What this task involves: Copy, word for word, the lines below from the one containing "Book now at" up to and including the one containing "Freshwater is scarce", with pictures left out.

Record set:
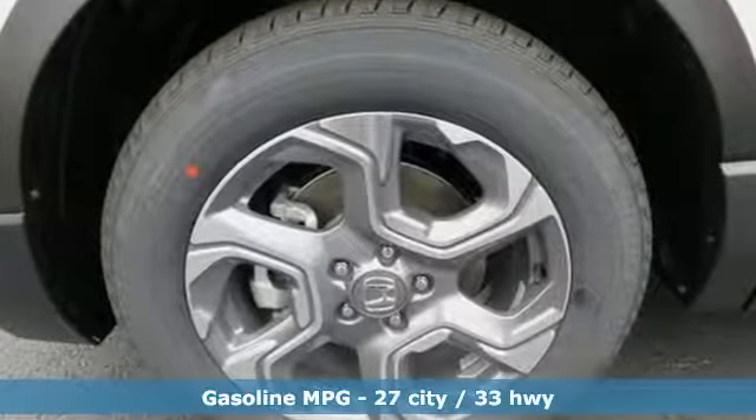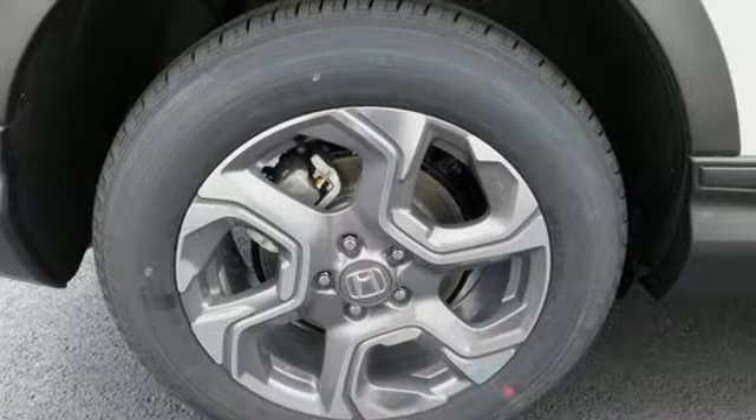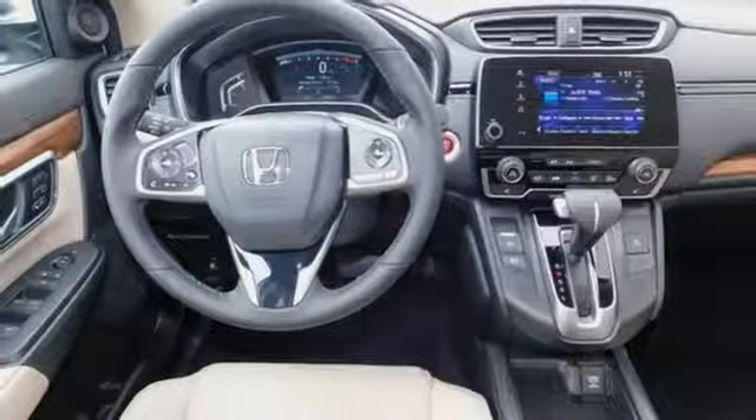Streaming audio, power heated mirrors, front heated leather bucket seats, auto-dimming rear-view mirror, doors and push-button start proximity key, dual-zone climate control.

* * *

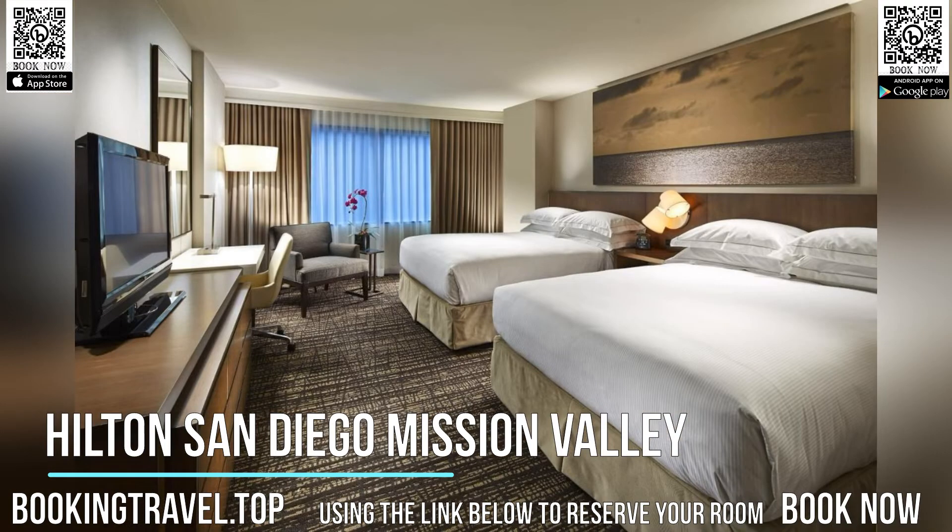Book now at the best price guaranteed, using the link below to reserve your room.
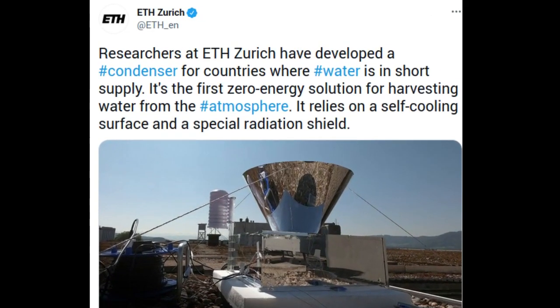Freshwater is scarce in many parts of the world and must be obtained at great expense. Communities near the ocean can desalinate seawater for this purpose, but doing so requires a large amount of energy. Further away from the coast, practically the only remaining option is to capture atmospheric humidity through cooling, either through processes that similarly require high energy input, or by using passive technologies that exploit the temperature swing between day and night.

...

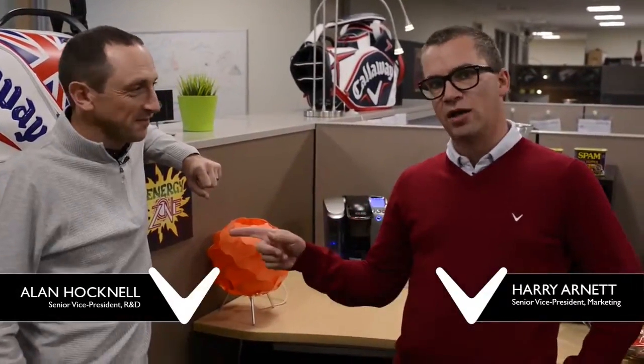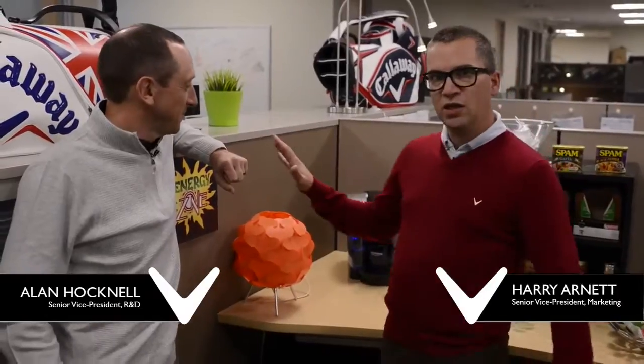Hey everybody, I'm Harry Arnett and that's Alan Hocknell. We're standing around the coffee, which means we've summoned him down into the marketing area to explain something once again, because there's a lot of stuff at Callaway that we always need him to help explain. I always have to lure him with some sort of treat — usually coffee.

Response area:
Book now at the best price guaranteed, using the link below to reserve your room.
Freshwater is scarce in many parts of the world and must be obtained at great expense. Communities near the ocean can desalinate seawater for this purpose, but doing so requires a large amount of energy. Further away from the coast, practically the only remaining option is to capture atmospheric humidity through cooling, either through processes that similarly require high energy input, or by using passive technologies that exploit the temperature swing between day and night.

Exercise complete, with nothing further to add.